Por:Enid Adriana Carrillo Moedano

La historia siempre ha juzgado a las mujeres por lo que nos ha salido de las manos: hemos sido condenadas por cocinar, escribir y crear. Nos han llamado brujas, hechiceras, asesinas. En esta narrativa, la cocina en cuanto acto y espacio ha jugado un papel fundamental.

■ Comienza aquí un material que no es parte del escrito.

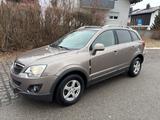 Opel Antara Design Edition 4x4 - Opel Antara aus 2014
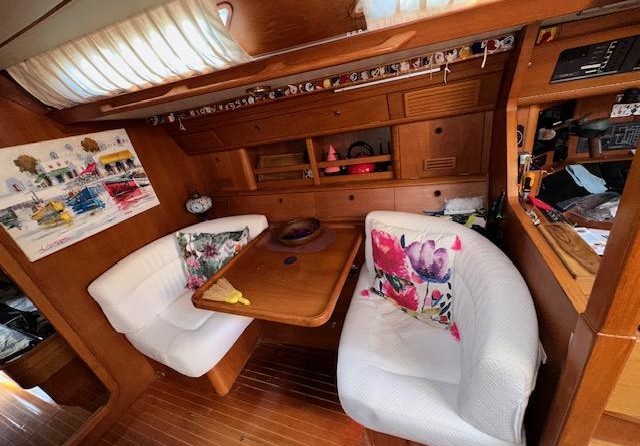 Cantiere del pardo grand soleil 52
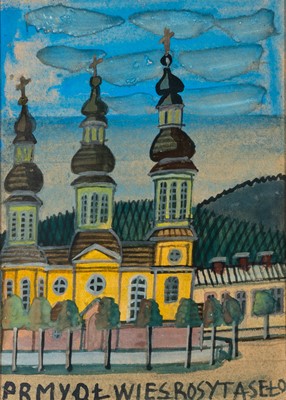 Lot 41 - Nikifor Krynicki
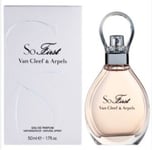 Van Cleef & Arpels So First 60ml Eau de Parfum Spray For Woman - NEW & SEALED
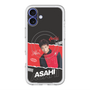 スリムプロテクションプレミアムケース with MagSafe［ D.LEAGUE - dip BATTLES - ASAHI ］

En el siglo XVII, un grupo de mujeres de Salem, Massachussets, fueron acusadas de brujería por haber consumido un pan oscuro que les ocasionó alucinaciones y episodios de histeria que se confundieron con posesiones demoniacas. Hoy se sabe que todo fue culpa del cornezuelo, un hongo que afectó al centeno y provocó efectos psicodélicos, convulsiones y dolor abdominal a las mujeres que lo probaron. En la Italia del Renacimiento, decenas de mujeres acudieron a Giulia Tofana, una siciliana que había creado una pócima para salvarlas de la violencia de sus maridos. Giulia creó el “agua tofana”, una mezcla de belladona, plomo y arsénico que las mujeres, elegantes y discretas, pusieron en las sopas y pescados de sus esposos, para escaparse de sus golpes y maltratos.
Durante siglos, la cocina fue solo un sistema de objetos carente de límites reales, pues como espacio arquitectónico, la cocina es una invención del mundo moderno. Así, la concepción de la cocina como acto y la cocina como lugar, empezó a diferenciarse con claridad. A comienzos del siglo XX, la falta de límites reales e imaginarios en las cocinas se hizo evidente en el modelo socialista de la Unión Soviética, donde las personas compartían la cocina y el baño en departamentos comunales. Fue hasta después de la Primera Guerra Mundial que surgió el modelo Frankfurt, un prototipo de cocina para la vivienda social diseñado por la alemana Margarete Schütte con la idea de facilitar la preparación, cocción y conservación de alimentos en un espacio privado.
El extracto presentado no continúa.